Kenya's foreign currency reserves hit 1.6 billion US dollars in 2005 from about 1.3 billion dollars it reported in 2004, boosted by a robust economic growth rate and increased cash-inflows from tourism, the Central Bank of Kenya ( CBK) said Friday.
CBK Governor Andrew Mullei said the bank achieved its targets of beefing up the foreign reserves while maintaining a low inflationary trend in the financial markets to help safeguard the investments by Kenyans and boost investor confidence.
The bank, which reported a 4-billion-shilling (about 54 million dollars) loss due to foreign currency valuations caused by the strengthening of the Kenyan Shilling against the major currencies, said it would tighten the monetary policy to expand local money supply.
Kenyan bankers expect the local economy would continue to enjoy the benefits of the global economic growth and reap from the expansion of regional markets.

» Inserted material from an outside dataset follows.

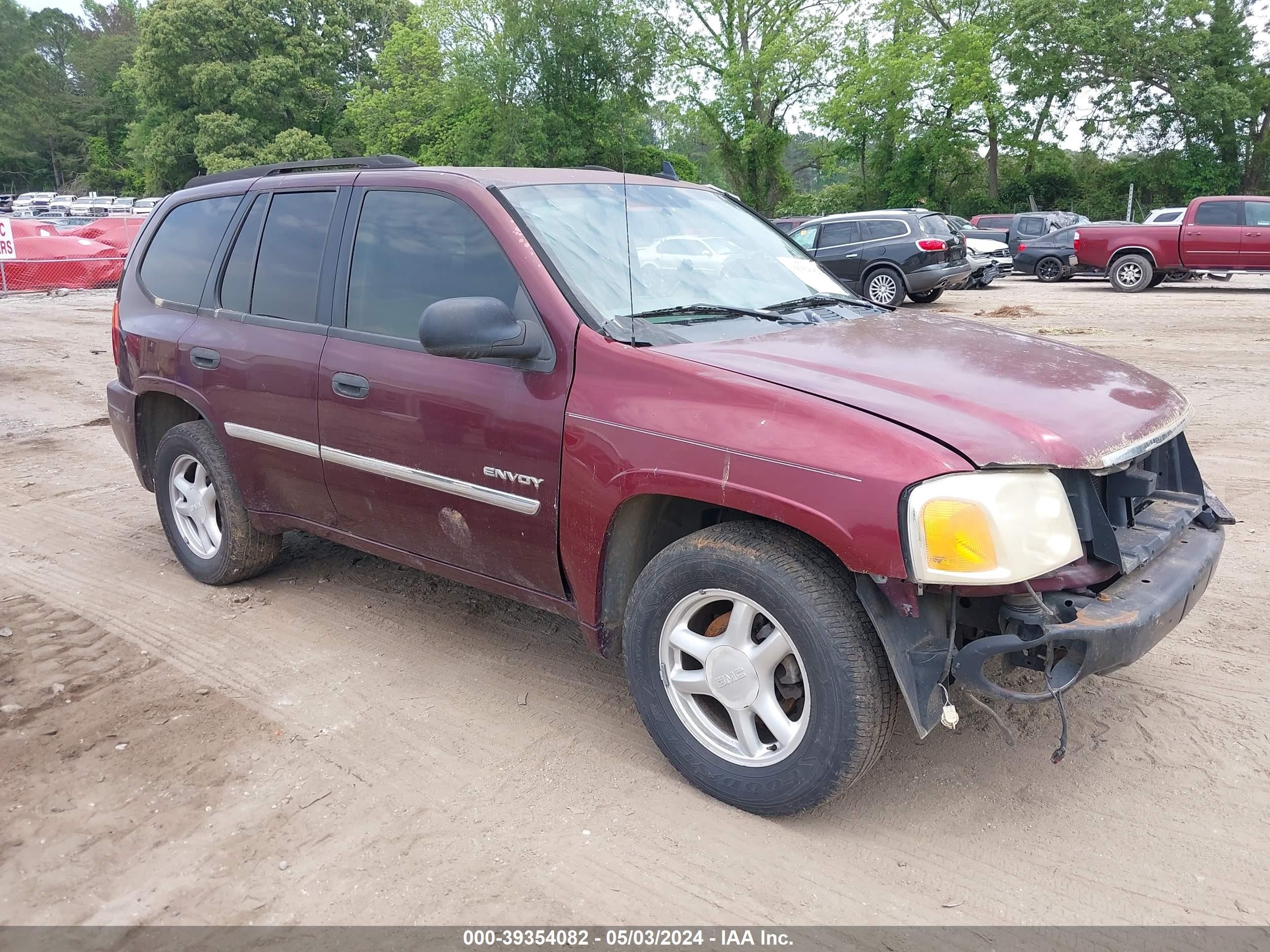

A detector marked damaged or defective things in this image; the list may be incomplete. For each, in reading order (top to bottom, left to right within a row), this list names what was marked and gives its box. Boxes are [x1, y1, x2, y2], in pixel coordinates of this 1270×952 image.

exposed headlight assembly [904, 467, 1082, 581]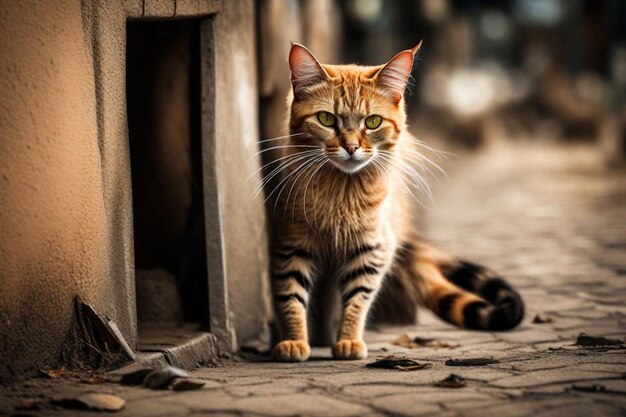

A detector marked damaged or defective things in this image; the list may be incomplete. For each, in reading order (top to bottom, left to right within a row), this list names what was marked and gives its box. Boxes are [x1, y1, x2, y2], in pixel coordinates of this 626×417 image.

broken concrete fragment [51, 392, 125, 412]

"The targets set for reserve money supply and economic growth was broadly achieved, despite several challenges posed by developments in the financial markets. Given this achievement, it is satisfying to see the robust performance of the economy," Mullei told a news conference in Nairobi.

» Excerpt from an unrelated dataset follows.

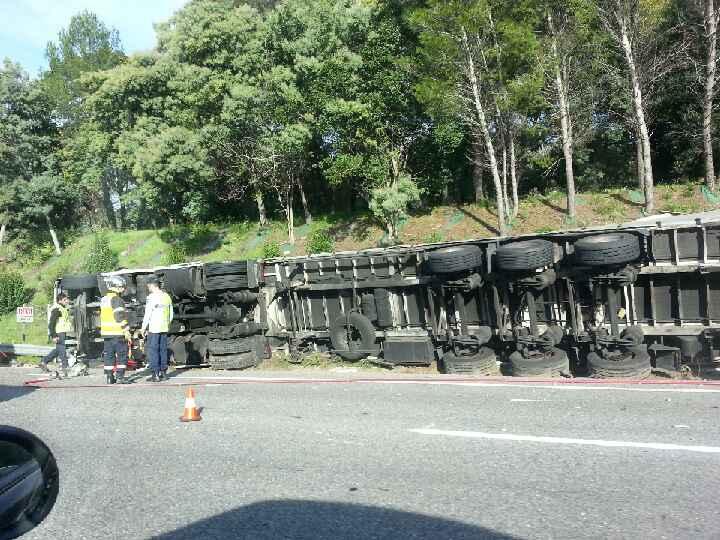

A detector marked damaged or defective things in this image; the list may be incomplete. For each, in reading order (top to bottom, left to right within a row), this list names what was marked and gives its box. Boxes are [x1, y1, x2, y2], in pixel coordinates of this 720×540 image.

overturned truck [57, 211, 720, 380]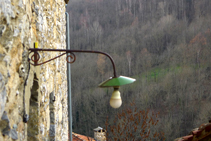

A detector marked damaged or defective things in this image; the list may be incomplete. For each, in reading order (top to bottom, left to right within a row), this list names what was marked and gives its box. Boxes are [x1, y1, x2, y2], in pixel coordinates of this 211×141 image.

The bank governor, who was prompted by media reports that the bank made a loss of 4 billion Shillings, said the losses were incurred due to currency valuations, which saw it lose as it was forced to clean up its balance sheets as required by international accounting requirements.

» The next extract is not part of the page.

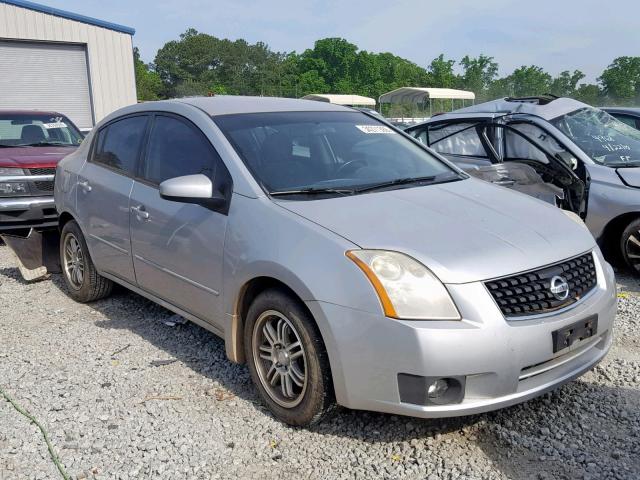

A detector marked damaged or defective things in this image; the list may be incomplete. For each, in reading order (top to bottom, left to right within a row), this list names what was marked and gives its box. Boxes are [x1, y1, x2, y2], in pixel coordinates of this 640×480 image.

damaged vehicle [0, 110, 84, 278]
damaged vehicle [46, 95, 616, 426]
wrecked car hood [278, 177, 596, 284]
damaged vehicle [404, 95, 640, 274]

"The reserves went up and since everybody holding reserves are required to convert the assets into local currency, translating our foreign accounts to Kenyan shillings led to loss," he said citing international accounting standards.
The foreign reserves, which every central bank in any country must keep to facilitate international trade, mainly assisting its citizens to import and export goods and services, is a key indicator of a country's wealth and economic growth.